(ENTRIES SHOWN)

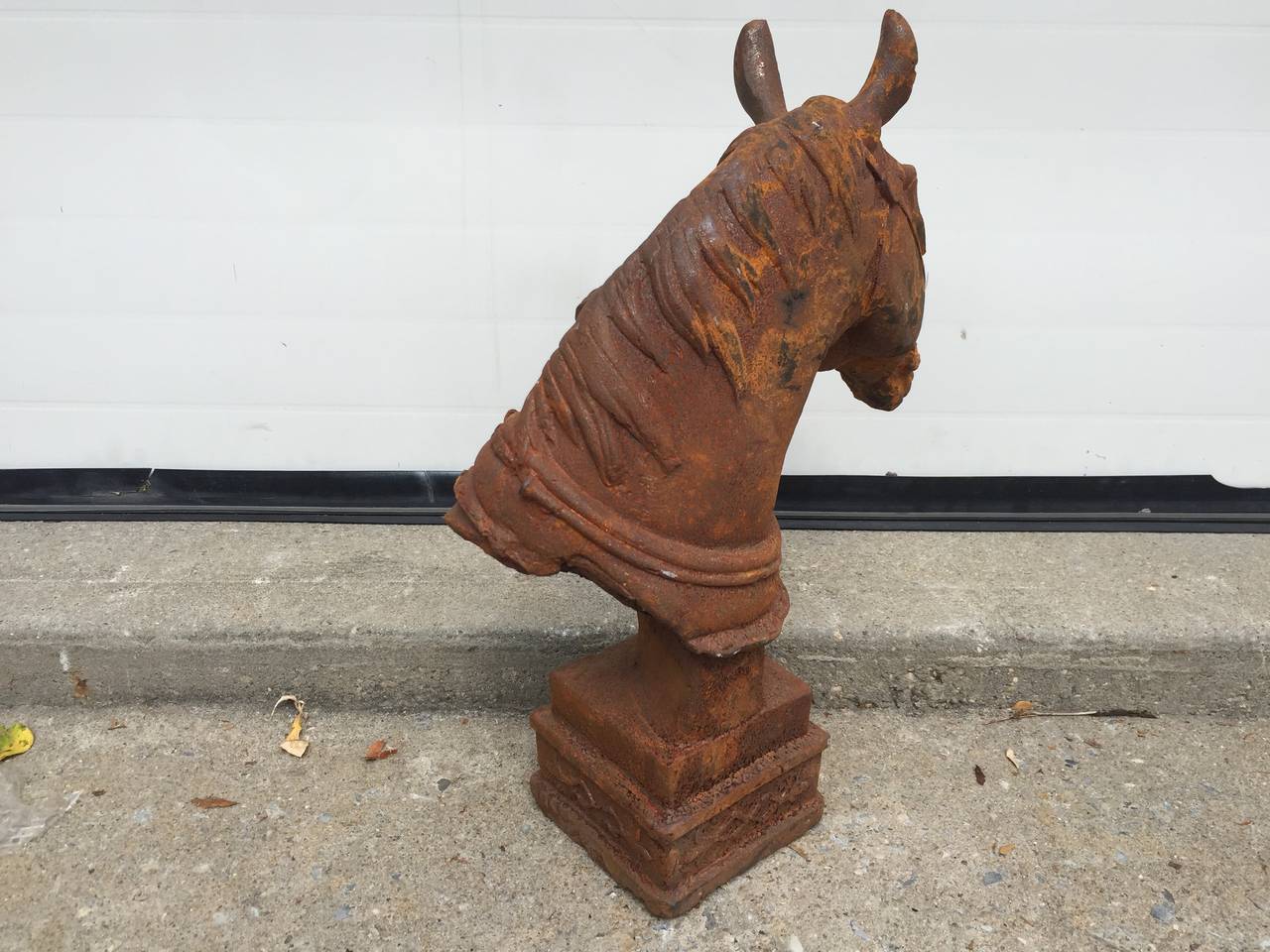 1980s Realism Cast Iron Sculpture of a Horse's Head and Nape For Sale 2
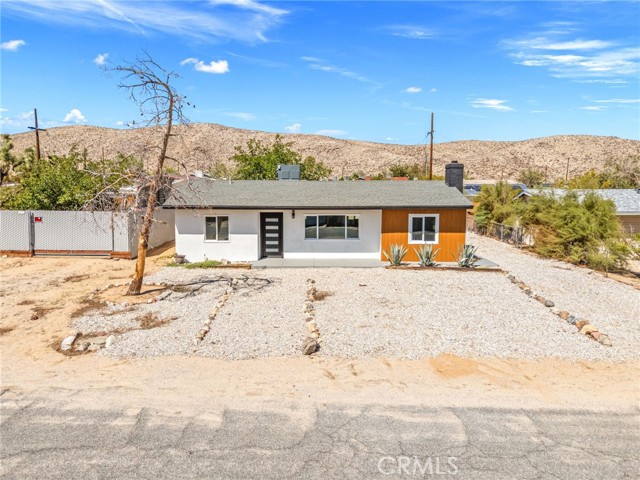 61730 Oleander Drive, Joshua Tree CA: https://media.crmls.org/medias/800c710d-0e80-4dcb-921f-ae4e35e28526.jpg
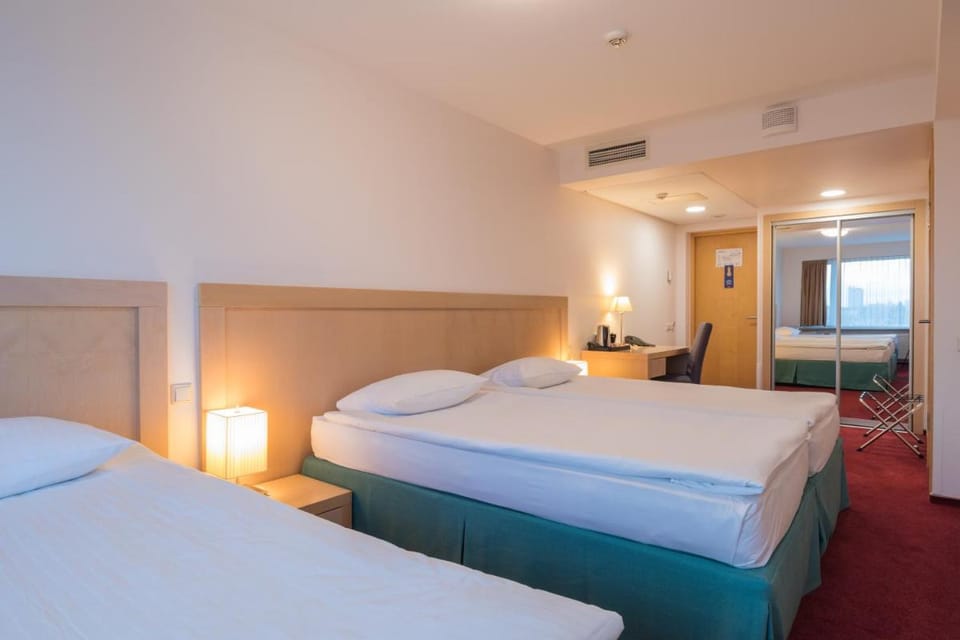 Riga Islande Hotel with FREE Parking Hotel in Riga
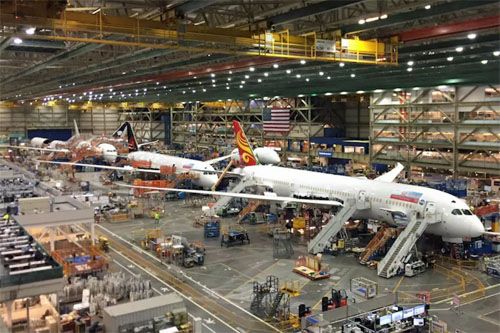 Montaż samolotów modelu 787 Deamliner w Everett został wstrzymany po odkryciu problemów z ich jakością. Jednym z dostawców wadliwych części była – przez 5 lat – włoska MPS (i jej poprzedniczka – Processi Speciali). Dostarczyła ona ponad 4 tysiące wadliwych części z tytanu / Zdjęcie: Radio-Canada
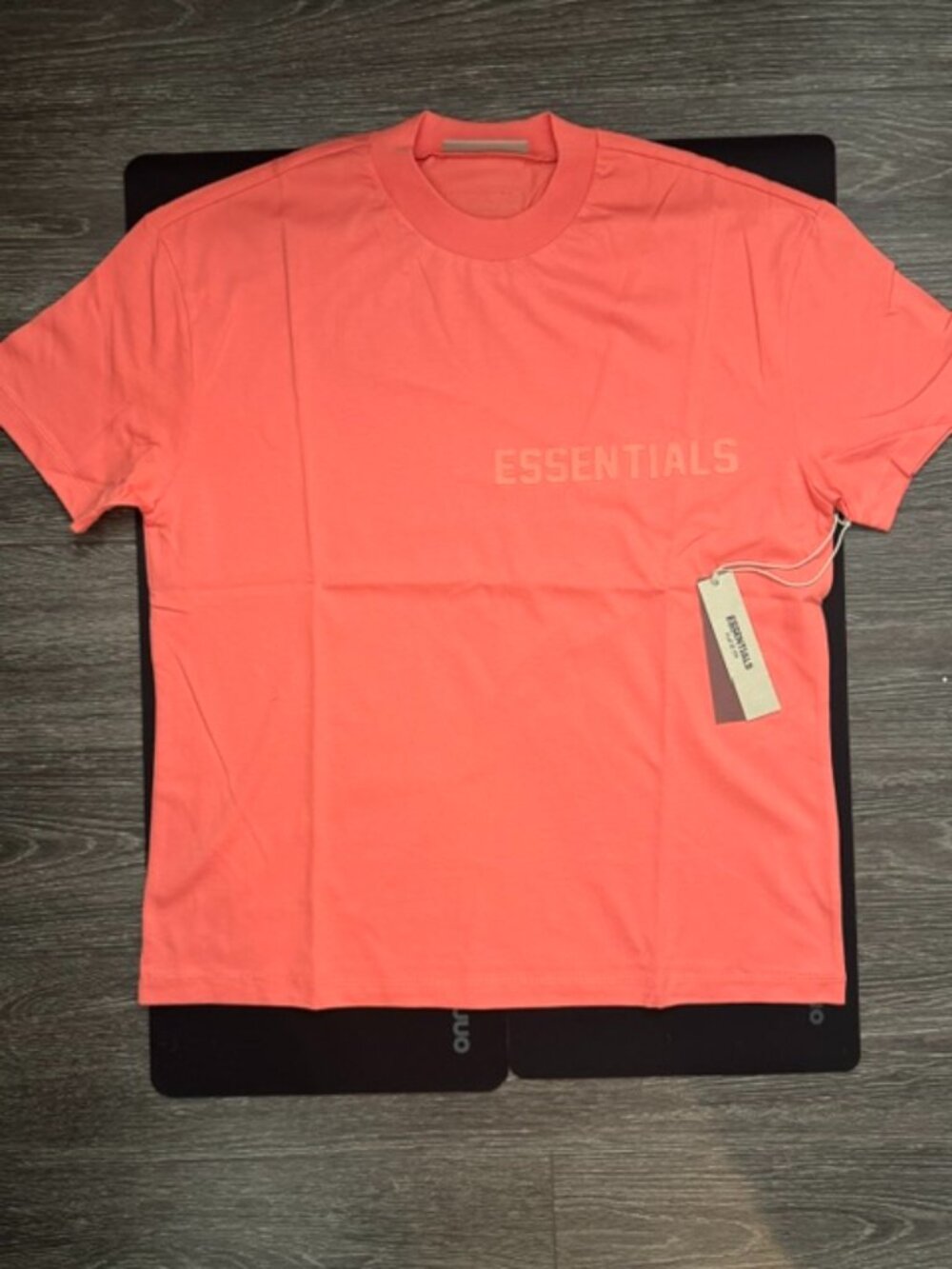 ESSENTIALS Fear of God Coral T-Shirt BWT & BAG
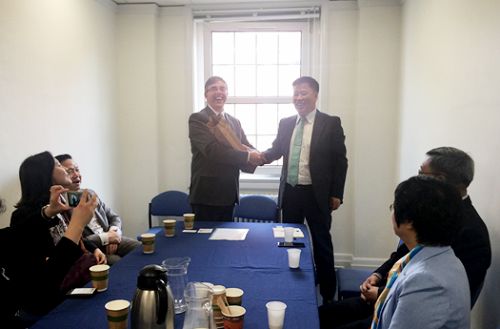 yl6809永利官网副校长王喜军与伦敦南岸大学副校长Paul Ivey会谈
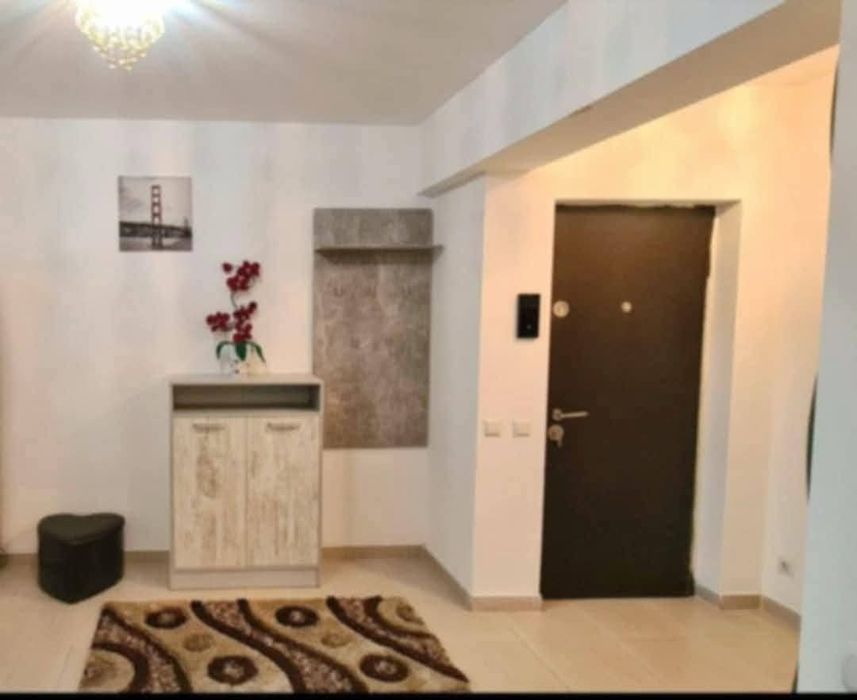 Apartament 3 camere de închiriat –Bloc Nou  Strada Putna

(End ENTRIES SHOWN)

**WHAT IS REQUIRED**
Every entry above needs to be duplicated precisely, and none of the pictures should appear.

**ANSWER SECTION**
 1980s Realism Cast Iron Sculpture of a Horse's Head and Nape For Sale 2
 61730 Oleander Drive, Joshua Tree CA: https://media.crmls.org/medias/800c710d-0e80-4dcb-921f-ae4e35e28526.jpg
 Riga Islande Hotel with FREE Parking Hotel in Riga
 Montaż samolotów modelu 787 Deamliner w Everett został wstrzymany po odkryciu problemów z ich jakością. Jednym z dostawców wadliwych części była – przez 5 lat – włoska MPS (i jej poprzedniczka – Processi Speciali). Dostarczyła ona ponad 4 tysiące wadliwych części z tytanu / Zdjęcie: Radio-Canada
 ESSENTIALS Fear of God Coral T-Shirt BWT & BAG
 yl6809永利官网副校长王喜军与伦敦南岸大学副校长Paul Ivey会谈
 Apartament 3 camere de închiriat –Bloc Nou  Strada Putna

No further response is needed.